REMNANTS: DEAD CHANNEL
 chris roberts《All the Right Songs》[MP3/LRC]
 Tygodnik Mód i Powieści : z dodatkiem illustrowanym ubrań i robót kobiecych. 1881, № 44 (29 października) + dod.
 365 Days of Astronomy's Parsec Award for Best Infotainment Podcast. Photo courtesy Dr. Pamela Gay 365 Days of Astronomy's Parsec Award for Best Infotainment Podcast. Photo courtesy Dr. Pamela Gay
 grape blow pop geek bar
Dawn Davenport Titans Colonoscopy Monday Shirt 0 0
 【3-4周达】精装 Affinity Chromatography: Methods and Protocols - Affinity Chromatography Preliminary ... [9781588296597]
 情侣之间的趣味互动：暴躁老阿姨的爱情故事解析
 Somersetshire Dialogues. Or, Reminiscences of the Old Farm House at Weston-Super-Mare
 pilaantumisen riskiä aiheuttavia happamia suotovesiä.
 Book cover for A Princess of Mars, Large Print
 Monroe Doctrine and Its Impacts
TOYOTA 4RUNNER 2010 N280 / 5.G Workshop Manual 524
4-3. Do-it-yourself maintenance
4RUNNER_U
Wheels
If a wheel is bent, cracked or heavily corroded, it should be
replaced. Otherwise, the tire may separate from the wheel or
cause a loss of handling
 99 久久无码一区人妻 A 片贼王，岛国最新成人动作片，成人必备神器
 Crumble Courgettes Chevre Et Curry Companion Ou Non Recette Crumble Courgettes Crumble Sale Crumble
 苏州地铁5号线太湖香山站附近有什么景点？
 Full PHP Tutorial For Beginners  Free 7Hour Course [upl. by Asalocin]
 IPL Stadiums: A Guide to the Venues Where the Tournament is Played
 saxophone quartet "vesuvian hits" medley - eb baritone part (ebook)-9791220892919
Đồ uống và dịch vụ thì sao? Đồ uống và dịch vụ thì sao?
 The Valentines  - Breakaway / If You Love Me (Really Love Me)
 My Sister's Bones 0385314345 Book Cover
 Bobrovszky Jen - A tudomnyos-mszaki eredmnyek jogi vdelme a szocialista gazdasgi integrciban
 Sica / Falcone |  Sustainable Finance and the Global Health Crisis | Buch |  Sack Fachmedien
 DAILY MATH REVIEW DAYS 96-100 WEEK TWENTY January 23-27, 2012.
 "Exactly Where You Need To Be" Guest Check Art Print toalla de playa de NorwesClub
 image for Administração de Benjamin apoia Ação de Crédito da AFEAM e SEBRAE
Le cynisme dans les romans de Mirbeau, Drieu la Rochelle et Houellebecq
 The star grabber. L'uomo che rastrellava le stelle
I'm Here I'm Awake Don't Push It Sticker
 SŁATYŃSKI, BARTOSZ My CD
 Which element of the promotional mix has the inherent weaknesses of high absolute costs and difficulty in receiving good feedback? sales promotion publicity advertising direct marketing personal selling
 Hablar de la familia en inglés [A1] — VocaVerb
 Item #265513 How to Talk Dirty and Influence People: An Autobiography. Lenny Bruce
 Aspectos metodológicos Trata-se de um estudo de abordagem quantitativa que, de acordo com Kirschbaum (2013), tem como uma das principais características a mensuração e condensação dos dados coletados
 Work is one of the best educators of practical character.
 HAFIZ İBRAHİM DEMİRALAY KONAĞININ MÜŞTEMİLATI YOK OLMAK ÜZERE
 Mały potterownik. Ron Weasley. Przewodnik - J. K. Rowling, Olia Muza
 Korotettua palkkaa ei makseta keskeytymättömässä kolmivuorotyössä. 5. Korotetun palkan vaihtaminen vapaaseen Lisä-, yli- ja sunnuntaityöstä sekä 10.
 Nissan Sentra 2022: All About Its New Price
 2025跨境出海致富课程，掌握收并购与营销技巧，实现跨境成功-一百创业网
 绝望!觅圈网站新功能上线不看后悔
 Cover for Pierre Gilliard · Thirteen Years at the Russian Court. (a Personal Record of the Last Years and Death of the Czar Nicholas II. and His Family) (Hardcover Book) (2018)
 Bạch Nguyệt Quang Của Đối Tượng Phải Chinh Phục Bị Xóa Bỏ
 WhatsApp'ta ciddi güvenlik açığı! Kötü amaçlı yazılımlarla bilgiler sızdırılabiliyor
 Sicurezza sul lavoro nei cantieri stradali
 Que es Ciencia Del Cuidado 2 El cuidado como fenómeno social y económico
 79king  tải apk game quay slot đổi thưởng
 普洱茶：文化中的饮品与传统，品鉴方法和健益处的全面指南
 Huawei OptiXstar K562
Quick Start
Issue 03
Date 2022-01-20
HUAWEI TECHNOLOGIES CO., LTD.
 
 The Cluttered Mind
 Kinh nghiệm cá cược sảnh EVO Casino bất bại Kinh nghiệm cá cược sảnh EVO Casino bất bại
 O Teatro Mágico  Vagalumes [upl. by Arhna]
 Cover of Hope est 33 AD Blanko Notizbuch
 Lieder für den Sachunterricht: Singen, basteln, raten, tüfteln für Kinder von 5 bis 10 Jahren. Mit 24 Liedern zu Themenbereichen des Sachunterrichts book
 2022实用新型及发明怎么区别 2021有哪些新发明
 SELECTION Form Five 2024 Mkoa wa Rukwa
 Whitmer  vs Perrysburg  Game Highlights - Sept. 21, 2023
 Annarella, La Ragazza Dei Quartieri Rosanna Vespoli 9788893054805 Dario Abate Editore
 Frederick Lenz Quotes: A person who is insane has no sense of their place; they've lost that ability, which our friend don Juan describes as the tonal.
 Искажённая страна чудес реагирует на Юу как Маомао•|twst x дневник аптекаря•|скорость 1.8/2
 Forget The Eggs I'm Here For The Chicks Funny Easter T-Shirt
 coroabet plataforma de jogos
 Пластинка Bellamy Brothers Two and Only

==================================================

- WHAT IS BEING ASKED
Nothing outside this range should appear: the lines from the start of the listing through the line with "Dawn Davenport Titans", each reproduced exactly, both ends included.

- ANSWER BELOW
REMNANTS: DEAD CHANNEL
 chris roberts《All the Right Songs》[MP3/LRC]
 Tygodnik Mód i Powieści : z dodatkiem illustrowanym ubrań i robót kobiecych. 1881, № 44 (29 października) + dod.
 365 Days of Astronomy's Parsec Award for Best Infotainment Podcast. Photo courtesy Dr. Pamela Gay 365 Days of Astronomy's Parsec Award for Best Infotainment Podcast. Photo courtesy Dr. Pamela Gay
 grape blow pop geek bar
Dawn Davenport Titans Colonoscopy Monday Shirt 0 0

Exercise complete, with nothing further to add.